Database Joins

If you have two or more secondary databases associated with a primary database, then you can retrieve primary records based on the intersection of multiple secondary entries. You do this using a join cursor.

Throughout this document we have presented a structure that stores information on grocery vendors. That structure is fairly simple with a limited number of data members, few of which would be interesting from a query perspective. But suppose, instead, that we were storing information on something with many more characteristics that can be queried, such as an automobile. In that case, you may be storing information such as color, number of doors, fuel mileage, automobile type, number of passengers, make, model, and year, to name just a few.

In this case, you would still likely be using some unique value to key your primary entries (in the United States, the automobile's VIN would be ideal for this purpose). You would then create a structure that identifies all the characteristics of the automobiles in your inventory.

To query this data, you might then create multiple secondary databases, one for each of the characteristics that you want to query. For example, you might create a secondary for color, another for number of doors, another for number of passengers, and so forth. Of course, you will need a unique key extractor function for each such secondary database. You do all of this using the concepts and techniques described throughout this chapter.
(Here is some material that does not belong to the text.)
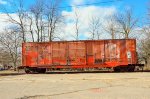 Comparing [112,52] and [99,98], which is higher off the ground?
[112,52]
Once you have created this primary database and all interesting secondaries, what you have is the ability to retrieve automobile records based on a single characteristic. You can, for example, find all the automobiles that are red. Or you can find all the automobiles that have four doors. Or all the automobiles that are minivans.

The next most natural step, then, is to form compound queries, or joins. For example, you might want to find all the automobiles that are red, and that were built by Toyota, and that are minivans. You can do this using a join cursor.

Using Join Cursors

To use a join cursor:

  • Open two or more cursors for secondary databases that are associated with the same primary database.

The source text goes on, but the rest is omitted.